Real Love and Unity

To facilitate a truly global conversation, we ask Christian leaders from around the world to respond to the Global Conversation’s lead articles. These points of view do not necessarily represent the Lausanne Movement. They are designed to stimulate discussion from all points of the compass and from different segments of the Christian community. Please add your perspective by posting a comment so that we can learn and grow together in the unity of the Spirit.

A response to:

Big Vision Simple Ideas – Wendy Strachan

I wonder how we could incorporate this idea more centrally into the missional focus of the church…

My wife and I are from India and have been involved with ministry initiatives like Samaritan’s Purse – Operation Christmas Child, The Mailbox Club, Kids Clubs, sports and games programs where there was a big vision, but carried out through simple ideas, and they’ve all proved to be very effective in reaching children.
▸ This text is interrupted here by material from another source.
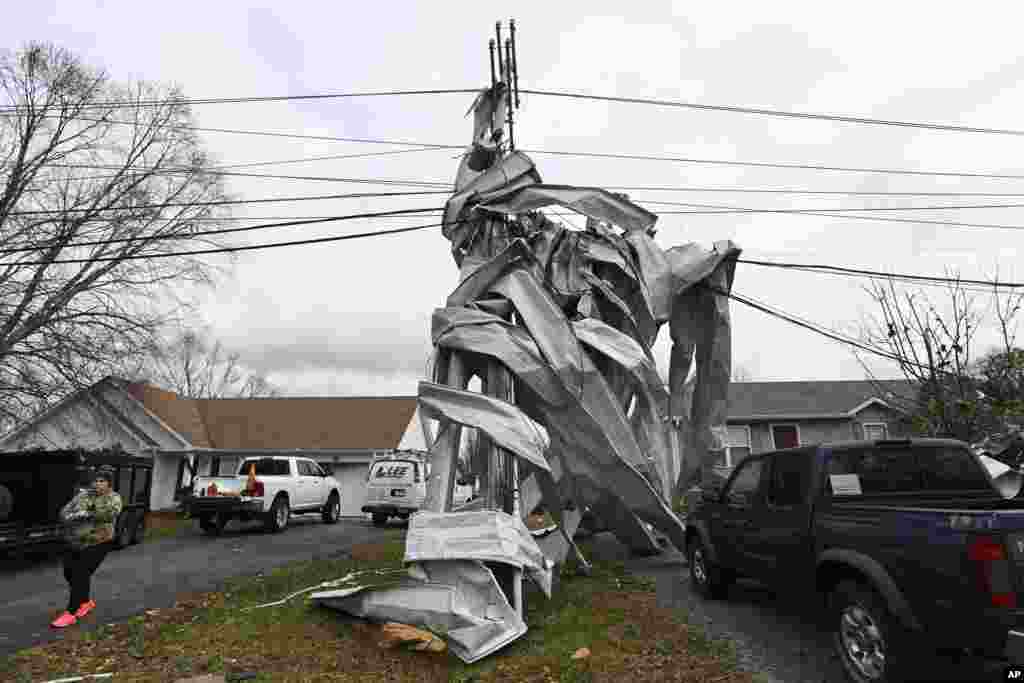 Металниот покрив од блиската црква е обвиткан околу столб за помош во Кларксвил, Тенеси. Торнадата предизвикаа катастрофални штети во Средниот Тенеси.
The common thread we have seen in most of the above initiatives is that the Gospel was taken to the children where they were, rather than them being invited to come to church to hear it.

I wonder how evangelism would be different if we prioritised friendship on our ‘agenda’ with children…..
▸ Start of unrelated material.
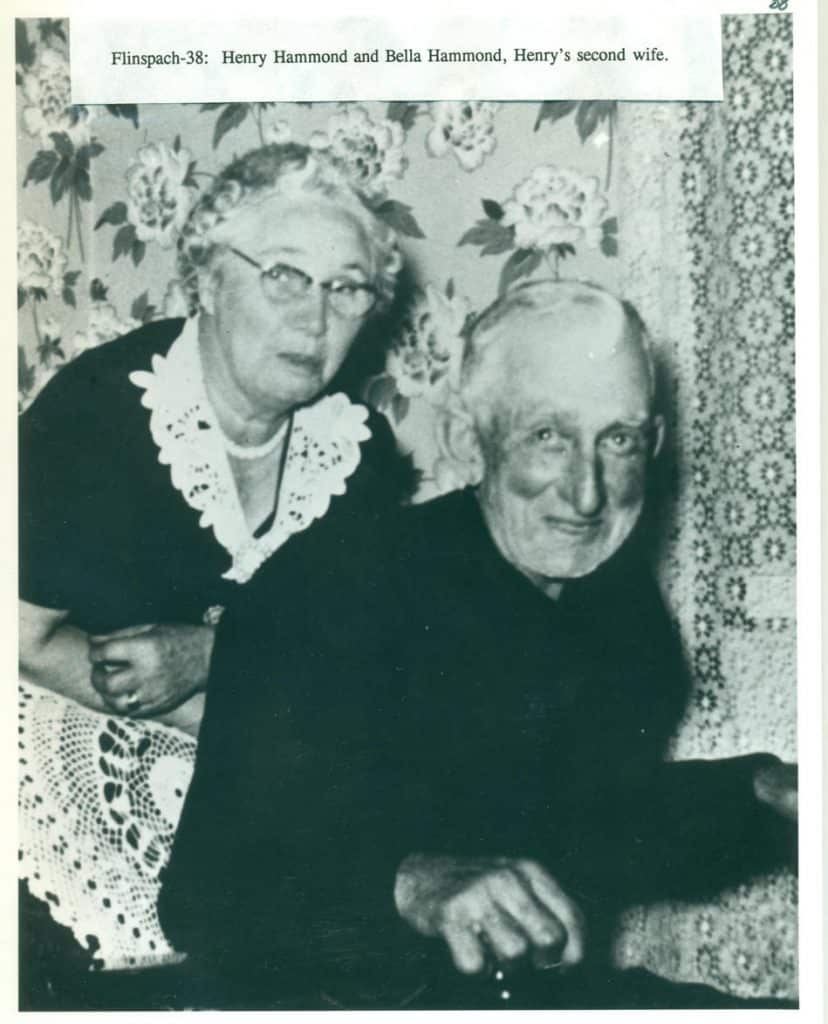 A smiling elderly man in a dark suit sits next to a woman with glasses and a white lace collar.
Seeing we reach out to children from other faiths we’ve found that it’s important to reach them in a neutral setting. We’ve also found that building a relationship with the children is very effective and non-threatening as well. We’ve even decided to prioritise relationship over curriculum as it’s through our relationship with them that real teaching takes place. The reasoning behind this approach is simple – everything that we do to reach and disciple children, stems from our relationship with Christ, and it’s also into this relationship with Christ that we invite them. So, what better way to do this than through building a relationship with them in the first place. We’ve called this approach we’ve taken Relational Ministry and we even train leaders in this method of ministry to children. It has meant visiting the children in their homes, getting in touch with their families, helping them with issues they have in their lives – be it education, health, training, counselling, etc. We’ve seen that this move to build relationship with the children and their families opens doors to the Gospel like nothing else.

I wonder what questions arise for you as you offer Christ-like compassion to children….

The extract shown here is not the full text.